Repeat the listing below in full and exactly, but without its pictures.

------ Collected data

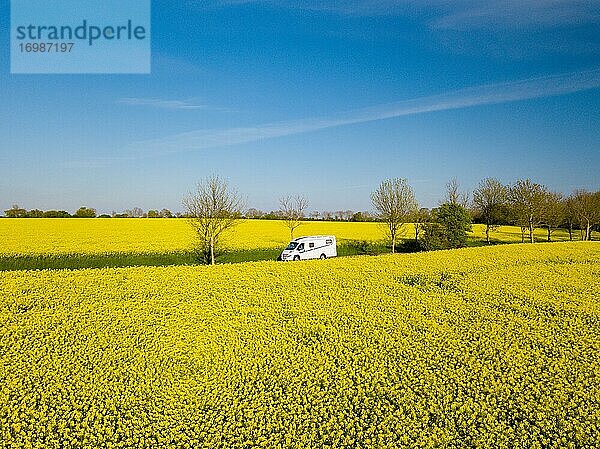 Wohnmobil fährt auf Landstraße durch blühendes Rapsfeld  Fehmarn  Schleswig-Holstein  Deutschland  Europa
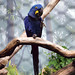 animals_bird_hyacinth_macaw_035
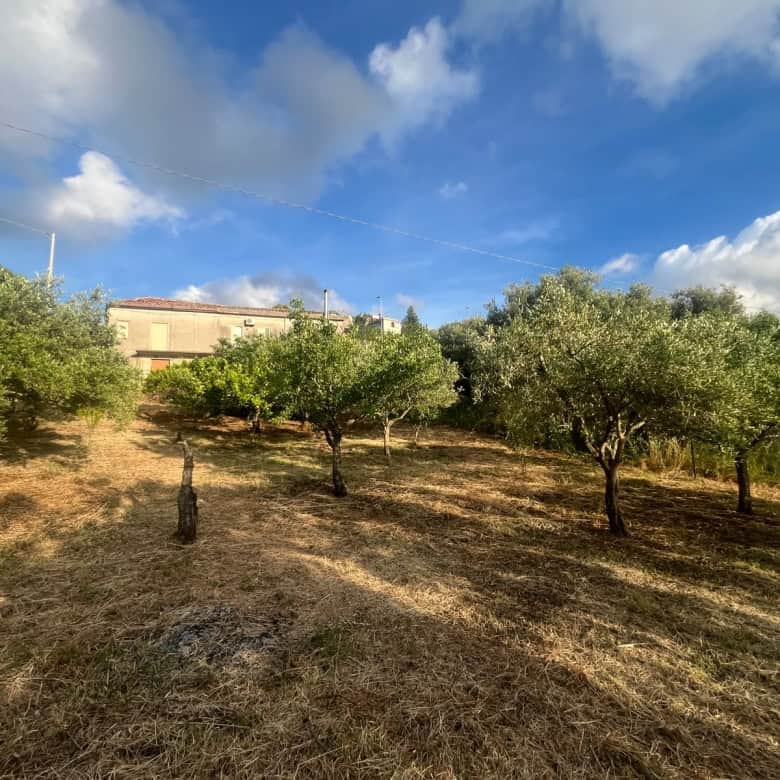 Terreno agricolo con alberi da frutto sotto un cielo sereno, ideale per investimenti immobiliari e agricoltura biologica in Italia.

------------

(Exercise solution)
 Wohnmobil fährt auf Landstraße durch blühendes Rapsfeld  Fehmarn  Schleswig-Holstein  Deutschland  Europa
 animals_bird_hyacinth_macaw_035
 Terreno agricolo con alberi da frutto sotto un cielo sereno, ideale per investimenti immobiliari e agricoltura biologica in Italia.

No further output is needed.